La Casa al Mare |  facebook |  bandcamp | soundcloud |

Released on May 1, 2015 via Bandcamp

Having spent some years in other like-minded bands and in production, Rome three piece La Casa al Mare have had some time to hone a conviction and maturity of sound that belies the fact that This Astro is just their third release, following two double A side singles towards the end of last year.

In fact this EP collects up those 4 tracks released during 2014, and adds three more, to create a relatively substantial Extended Play offering, although you will bizarrely only own the title track legitimately if you purchase the CD!

La Casa al Mare (which for those of you who don’t know and/or haven’t looked it up already translates quite simply as The Beach House) are trading in a brand of Shoegaze that has quite obviously been infused with a very healthy dose of Isn’t Anything era My Bloody Valentine. Personally, despite the inherently derivative nature of what is to be heard here, I find this to be quite a good thing. You could count on the fingers of five hundred hands the number of bands that have taken the overwhelming studio complexity of MBV’s Loveless as their blueprint for creating music in this style, and then possess neither the cash nor the creativity to come remotely close to replicating the ground-breaking genius of that record, and end up sounding confused, drowned out and melodically challenged.

Isn’t Anything is a very different record to Loveless, and retains much of the classic guitar pop sensibility of MBV’s earlier work, despite an increasing arsenal of effects and noise being added to the mix. This is where La Casa al Mare sit for me, and this makes for an accessible, refreshing and crisp sounding change. I guess being only a three piece helps, as it gives the various elements room to breathe, and actually to be heard!

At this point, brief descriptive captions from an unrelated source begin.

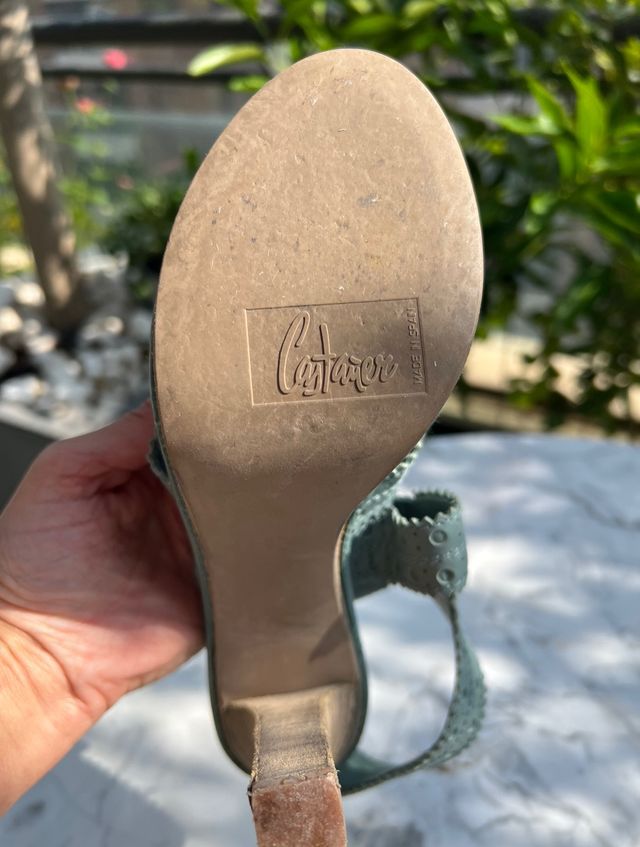 Sandalia de tacon Castañer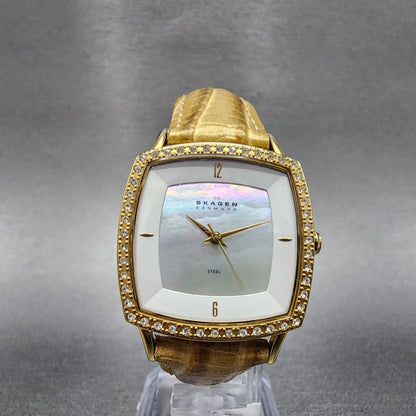 Skagen Watch Women 28mm MOP Dial Gold Tone Rectangle MK348SGL8B New Battery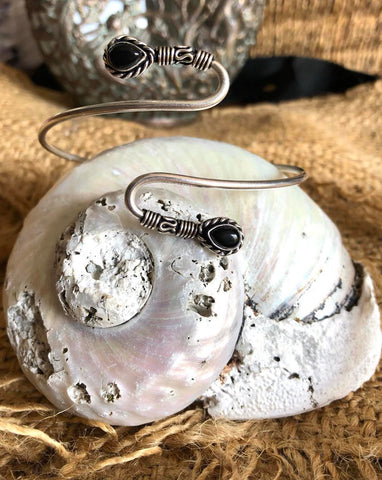 Curvy Stone Arm Bangle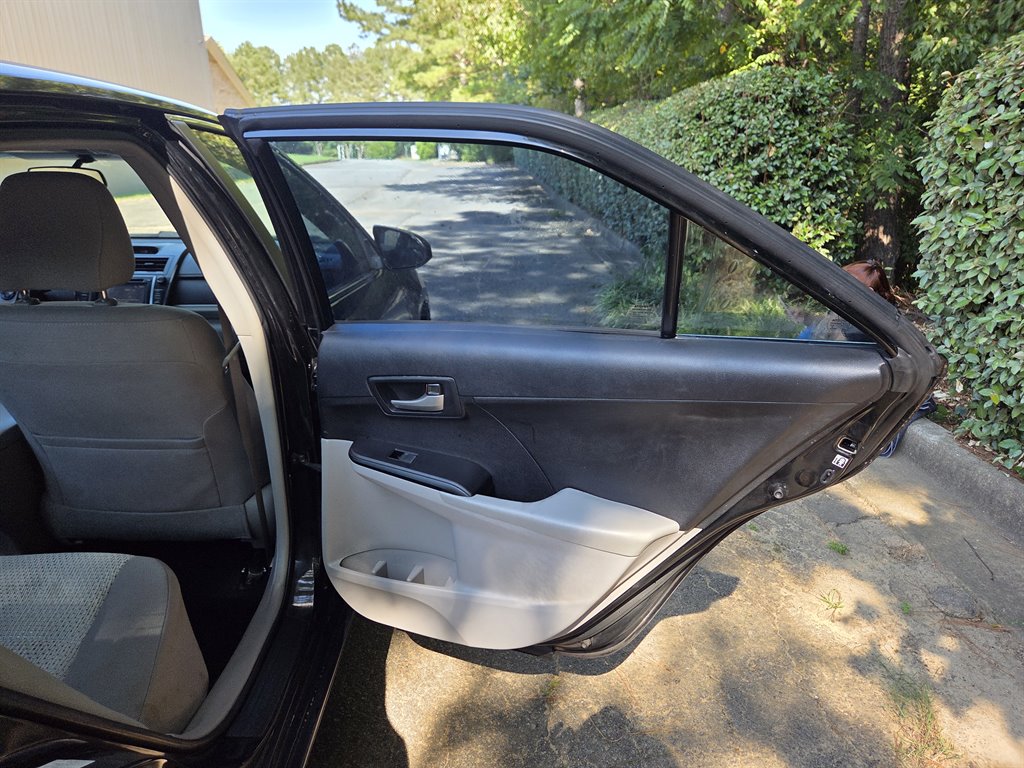 2014 Toyota Camry - $13,999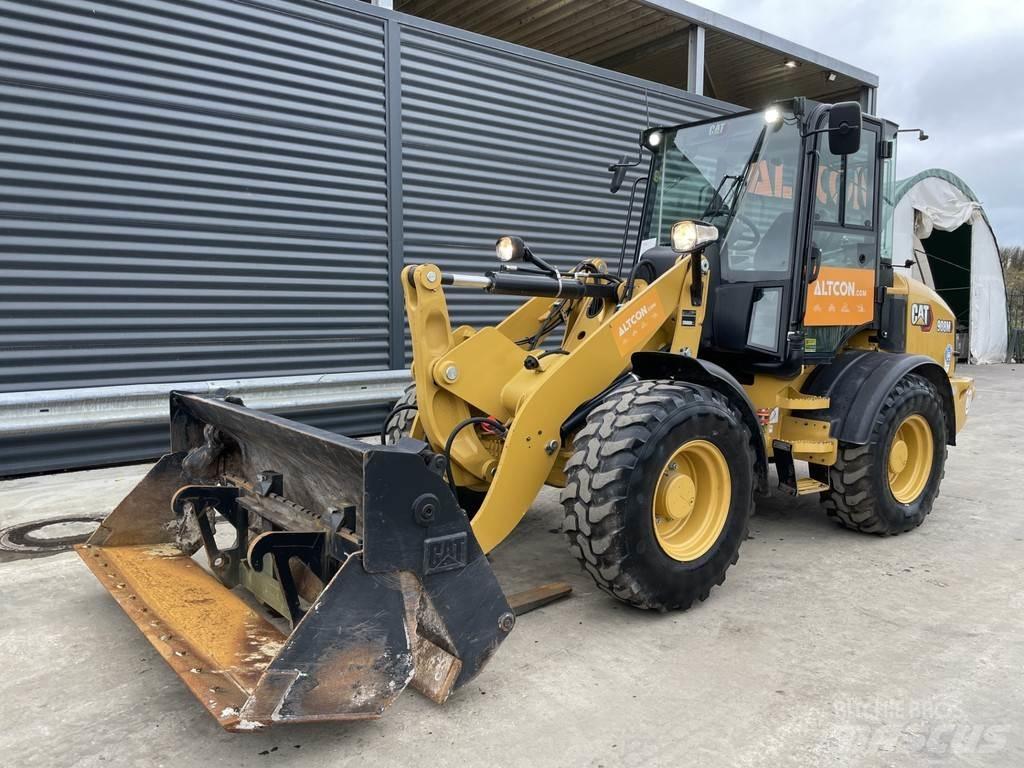 CAT 908M Фронтальні навантажувачі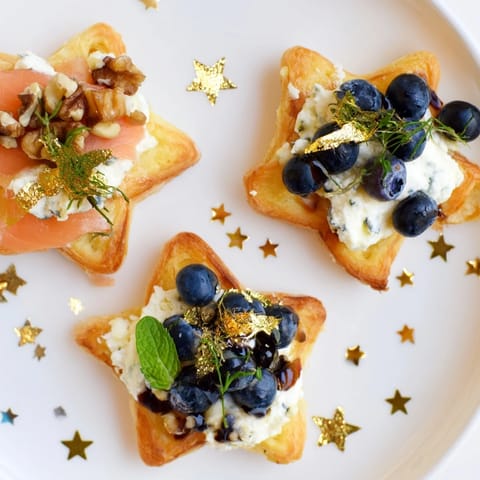 Imagine bite-sized Starry Night New Years Appetizers, a delightful spread featuring blueberry crostini and smoked salmon.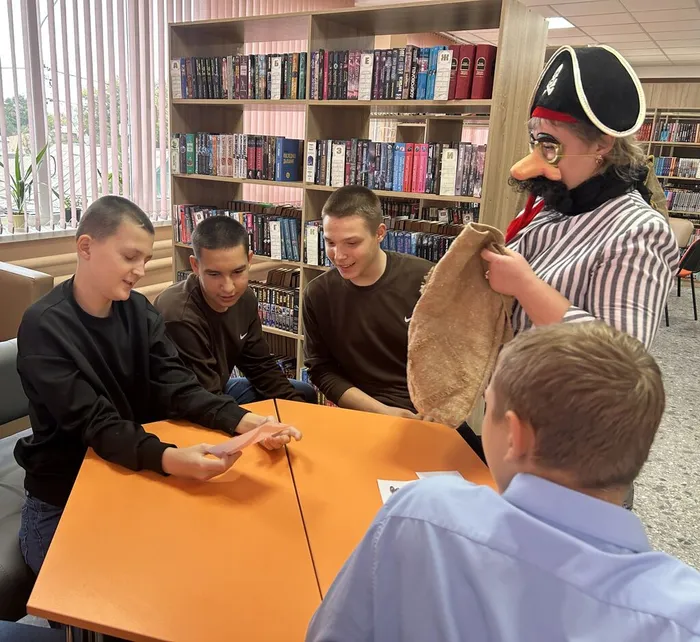 Ребята отгадывают названия книг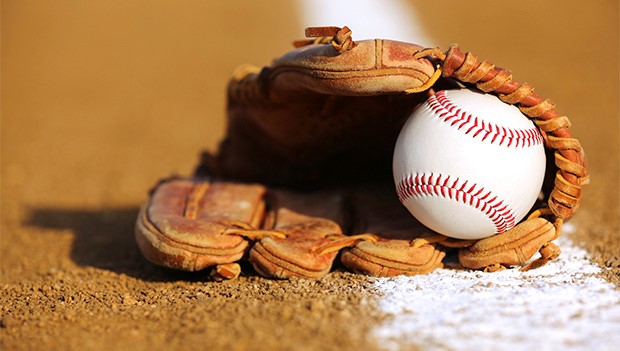 Your Guide to Buying Baseball Equipment 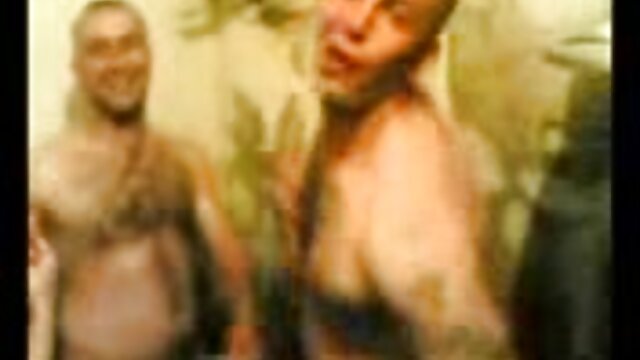 Odlično :  Monica Asis dobi svojo eksotično muco dobro in pravilno zajebal Video posnetki za odrasle 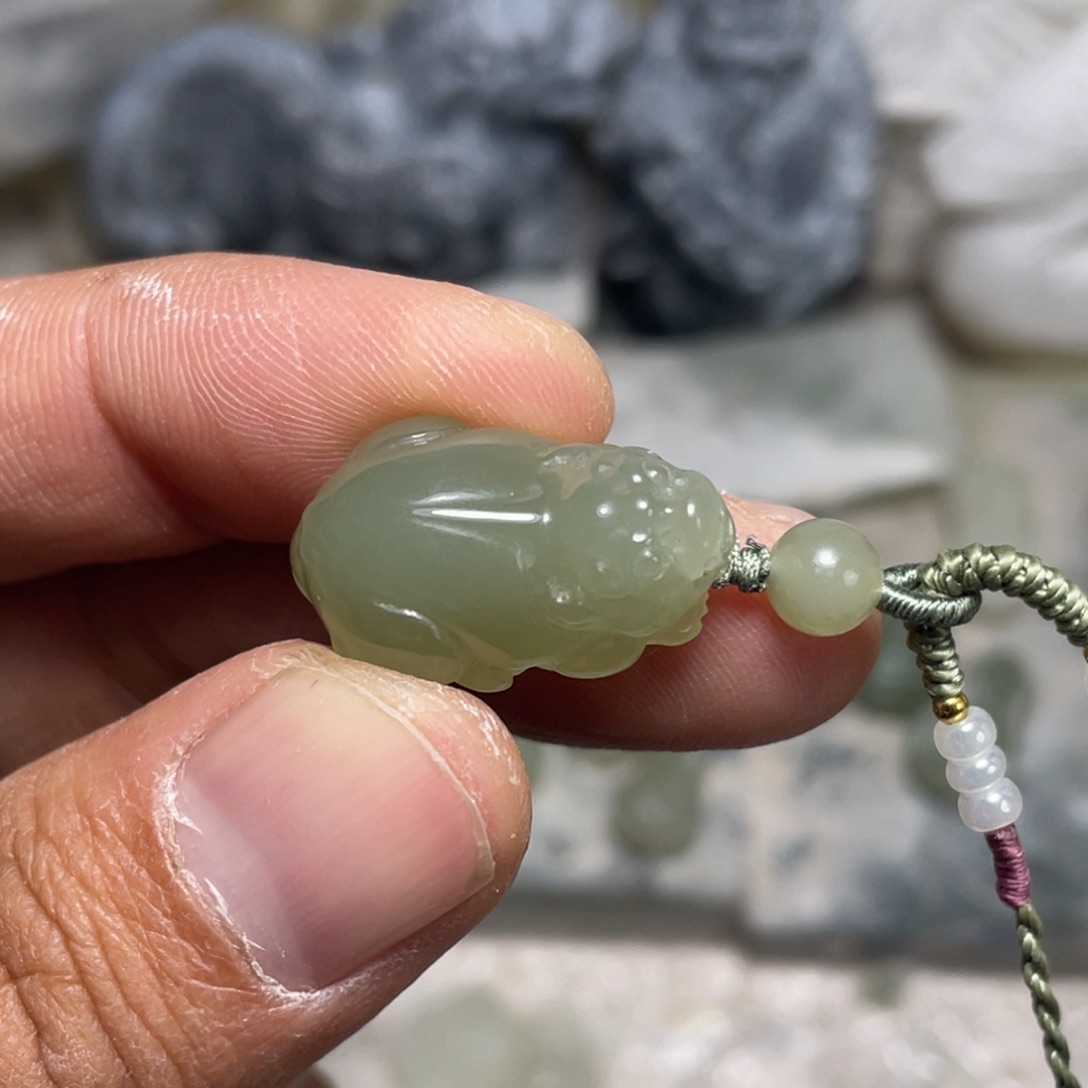 颈饰未镶嵌和田玉沉*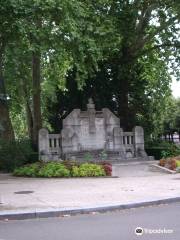 Monument au comte Hilaire de Chardonnet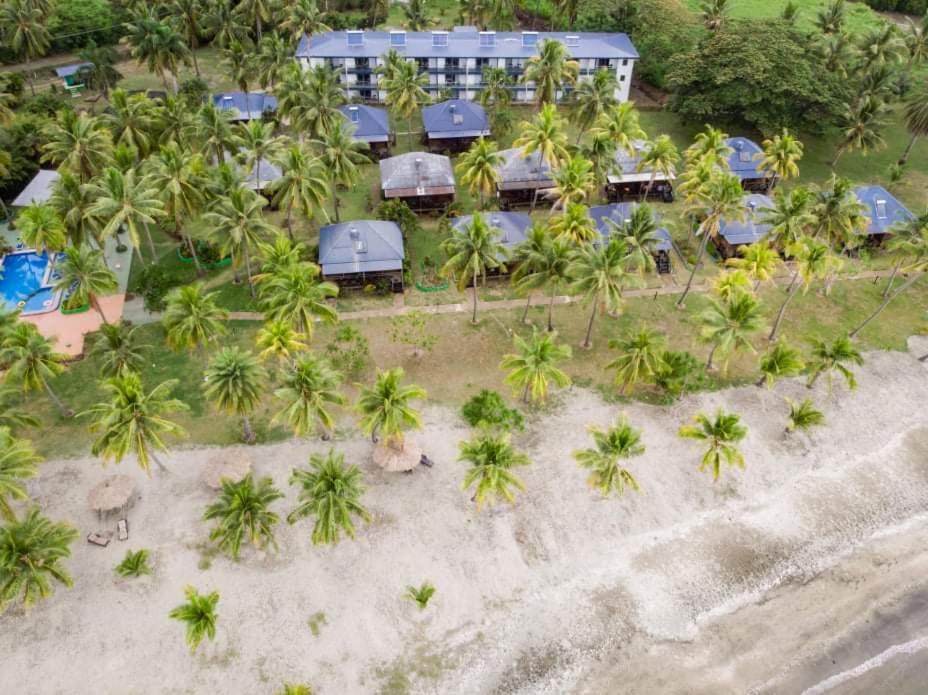 Club Fiji Resort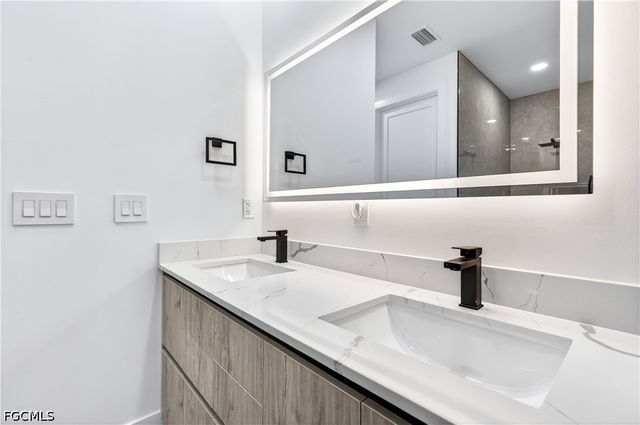 331 NE 15th ST, Cape Coral, FL 33909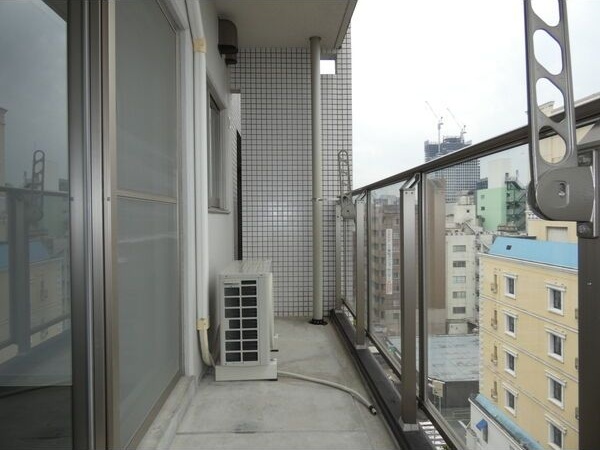 バルコニー　※写真は同じマンションの違う部屋のものになります。
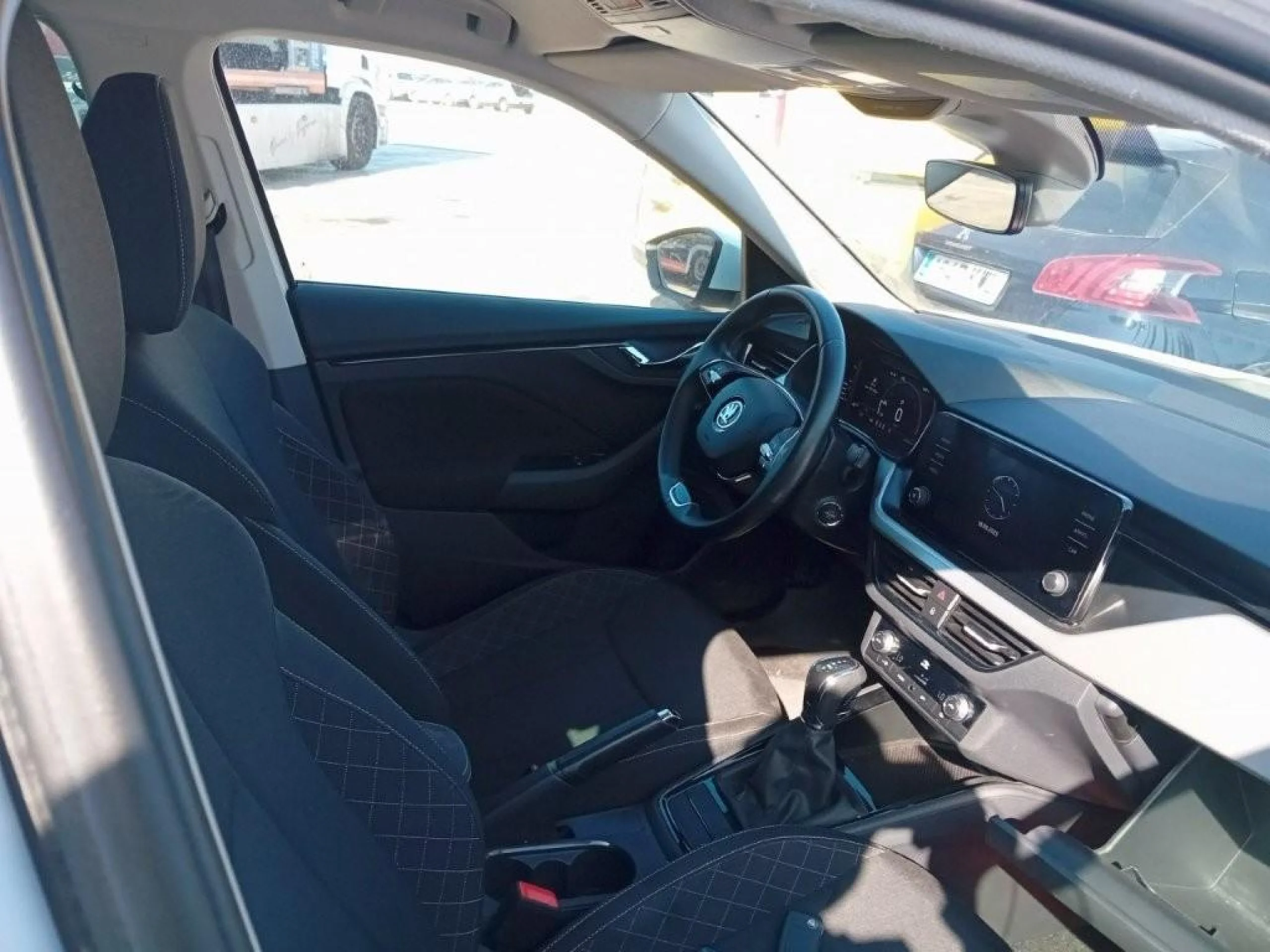 Skoda Kamiq 1.0 TSI 81kW (110CV) DSG Emotion - Foto 5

The introduction to opener ‘I Don’t Want To’, one of the three new tracks, could quite easily be the legitimate offspring of ‘Soft As Snow (But Warm Inside)’, but this is where I stop with the lazy MBV-the numbers journalism and ban myself from mentioning them for the rest of the review. It’s the wooziest track on the EP by some distance, and is slightly misleading as a guide to what follows.

‘Sunflowers’ crashes out of the speakers with a wonderfully catchy, reverb soaked central riff and a Chapterhouse-esque drumbeat. The band is most certainly on the right side of Dream Pop here, the darker, deeper, heavier, more interesting side, with centre piece ‘M’ a slower paced, head-swirling cacophony of everything that can make Shoegaze (when it is done as well as this) such an enticing proposition.

The light comes again with ‘At All’, a furious-paced, incandescent, gem of a pop song, where the impressive vocal melodies are intertwined perfectly against the raging guitars, and then there follows the acoustic, semi-ambient ‘Tonight Or Never’.

The digital release concludes, possibly ironically, with ‘CD Girl’, and this one has the same lonesome, windswept, mid-paced harmonies that underpinned much of the recent Swerverdriver comeback record, although set apart by dreamier, understated vocals.

Physical buyers can enjoy the instrumental title track, and lord it over their digital slaves by telling us how perfect an ending it is to a great record, and what unconfined, blissful euphoria is to be found with the extra investment.

An assured and captivating release, and if La Casa al Mare can move onto a debut album and find the same dynamic range, involving depth and melodic intent regularly displayed on this EP, we could be in for a bonafide Shoegaze classic.